Task brief:
Beginning with the line containing "Photo 5 of Single" and ending with the last line of the records, set down every line exactly.

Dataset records
[Start of Attachment]
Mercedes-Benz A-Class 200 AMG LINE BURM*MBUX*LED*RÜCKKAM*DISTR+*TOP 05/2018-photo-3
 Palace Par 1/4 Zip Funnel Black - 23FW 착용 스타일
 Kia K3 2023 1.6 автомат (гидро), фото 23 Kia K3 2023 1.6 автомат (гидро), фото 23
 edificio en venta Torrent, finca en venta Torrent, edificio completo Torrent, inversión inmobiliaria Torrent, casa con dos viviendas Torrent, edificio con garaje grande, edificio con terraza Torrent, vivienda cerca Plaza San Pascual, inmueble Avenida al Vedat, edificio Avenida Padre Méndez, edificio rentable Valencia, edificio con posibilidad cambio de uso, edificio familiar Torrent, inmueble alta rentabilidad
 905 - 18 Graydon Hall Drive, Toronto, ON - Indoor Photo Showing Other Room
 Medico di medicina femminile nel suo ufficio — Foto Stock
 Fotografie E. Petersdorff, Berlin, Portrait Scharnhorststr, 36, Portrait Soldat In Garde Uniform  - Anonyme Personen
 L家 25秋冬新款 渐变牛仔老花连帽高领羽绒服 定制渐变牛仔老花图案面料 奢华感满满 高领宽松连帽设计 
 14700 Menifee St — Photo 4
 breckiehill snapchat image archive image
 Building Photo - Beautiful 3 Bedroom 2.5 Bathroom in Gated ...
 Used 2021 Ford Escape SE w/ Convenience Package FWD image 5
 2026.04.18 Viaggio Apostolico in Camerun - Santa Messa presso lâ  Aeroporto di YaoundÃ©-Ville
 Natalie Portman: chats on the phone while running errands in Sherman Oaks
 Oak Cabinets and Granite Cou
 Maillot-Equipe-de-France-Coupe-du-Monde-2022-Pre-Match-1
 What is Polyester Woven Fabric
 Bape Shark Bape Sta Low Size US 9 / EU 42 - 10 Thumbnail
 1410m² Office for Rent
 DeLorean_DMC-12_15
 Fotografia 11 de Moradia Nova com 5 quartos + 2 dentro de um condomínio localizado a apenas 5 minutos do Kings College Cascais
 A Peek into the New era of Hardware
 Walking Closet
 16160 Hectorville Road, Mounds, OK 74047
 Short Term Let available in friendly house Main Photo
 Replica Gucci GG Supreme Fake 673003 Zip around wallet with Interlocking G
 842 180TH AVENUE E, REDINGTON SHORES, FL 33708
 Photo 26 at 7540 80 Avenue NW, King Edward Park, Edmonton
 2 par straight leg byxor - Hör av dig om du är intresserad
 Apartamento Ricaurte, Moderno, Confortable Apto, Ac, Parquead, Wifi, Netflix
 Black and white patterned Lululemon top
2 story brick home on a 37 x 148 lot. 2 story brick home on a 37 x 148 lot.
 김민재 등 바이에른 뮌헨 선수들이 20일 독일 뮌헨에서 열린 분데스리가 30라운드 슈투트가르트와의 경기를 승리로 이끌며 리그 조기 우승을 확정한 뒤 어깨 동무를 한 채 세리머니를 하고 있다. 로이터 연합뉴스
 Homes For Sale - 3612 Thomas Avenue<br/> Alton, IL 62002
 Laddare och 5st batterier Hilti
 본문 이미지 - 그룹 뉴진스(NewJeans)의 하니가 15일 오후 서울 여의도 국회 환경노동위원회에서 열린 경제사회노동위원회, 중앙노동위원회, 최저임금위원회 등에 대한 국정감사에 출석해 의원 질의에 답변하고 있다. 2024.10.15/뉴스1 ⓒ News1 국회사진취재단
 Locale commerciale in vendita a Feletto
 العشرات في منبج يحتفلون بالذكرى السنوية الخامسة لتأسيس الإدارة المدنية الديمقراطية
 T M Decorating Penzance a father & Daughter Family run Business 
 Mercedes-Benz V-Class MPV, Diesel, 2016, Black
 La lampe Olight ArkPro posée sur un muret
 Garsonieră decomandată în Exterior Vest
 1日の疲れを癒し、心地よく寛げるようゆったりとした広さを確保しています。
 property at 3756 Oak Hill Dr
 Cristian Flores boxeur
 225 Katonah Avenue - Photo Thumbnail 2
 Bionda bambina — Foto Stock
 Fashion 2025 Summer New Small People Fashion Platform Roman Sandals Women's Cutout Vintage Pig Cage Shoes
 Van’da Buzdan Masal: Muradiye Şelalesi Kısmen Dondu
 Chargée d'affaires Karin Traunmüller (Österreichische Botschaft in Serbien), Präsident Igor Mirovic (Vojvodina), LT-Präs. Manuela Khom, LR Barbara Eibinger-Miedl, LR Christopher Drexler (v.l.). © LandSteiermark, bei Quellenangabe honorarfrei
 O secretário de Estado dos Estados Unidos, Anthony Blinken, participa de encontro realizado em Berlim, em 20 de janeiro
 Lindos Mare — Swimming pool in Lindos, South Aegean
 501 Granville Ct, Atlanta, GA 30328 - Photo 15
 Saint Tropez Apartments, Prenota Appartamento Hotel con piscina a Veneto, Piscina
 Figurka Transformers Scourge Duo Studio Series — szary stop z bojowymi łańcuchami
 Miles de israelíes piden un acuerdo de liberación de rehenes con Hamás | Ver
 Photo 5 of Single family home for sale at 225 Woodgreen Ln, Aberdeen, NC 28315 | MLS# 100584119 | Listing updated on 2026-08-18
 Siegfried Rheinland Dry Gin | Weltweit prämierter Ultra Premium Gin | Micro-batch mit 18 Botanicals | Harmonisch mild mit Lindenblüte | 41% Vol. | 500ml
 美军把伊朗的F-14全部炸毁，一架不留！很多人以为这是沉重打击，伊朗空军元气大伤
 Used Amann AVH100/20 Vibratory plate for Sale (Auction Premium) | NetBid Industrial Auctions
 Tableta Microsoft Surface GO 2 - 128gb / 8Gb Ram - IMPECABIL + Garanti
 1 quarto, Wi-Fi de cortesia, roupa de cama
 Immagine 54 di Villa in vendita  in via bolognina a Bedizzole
[End of Attachment]
Exercise response:
 Photo 5 of Single family home for sale at 225 Woodgreen Ln, Aberdeen, NC 28315 | MLS# 100584119 | Listing updated on 2026-08-18
 Siegfried Rheinland Dry Gin | Weltweit prämierter Ultra Premium Gin | Micro-batch mit 18 Botanicals | Harmonisch mild mit Lindenblüte | 41% Vol. | 500ml
 美军把伊朗的F-14全部炸毁，一架不留！很多人以为这是沉重打击，伊朗空军元气大伤
 Used Amann AVH100/20 Vibratory plate for Sale (Auction Premium) | NetBid Industrial Auctions
 Tableta Microsoft Surface GO 2 - 128gb / 8Gb Ram - IMPECABIL + Garanti
 1 quarto, Wi-Fi de cortesia, roupa de cama
 Immagine 54 di Villa in vendita  in via bolognina a Bedizzole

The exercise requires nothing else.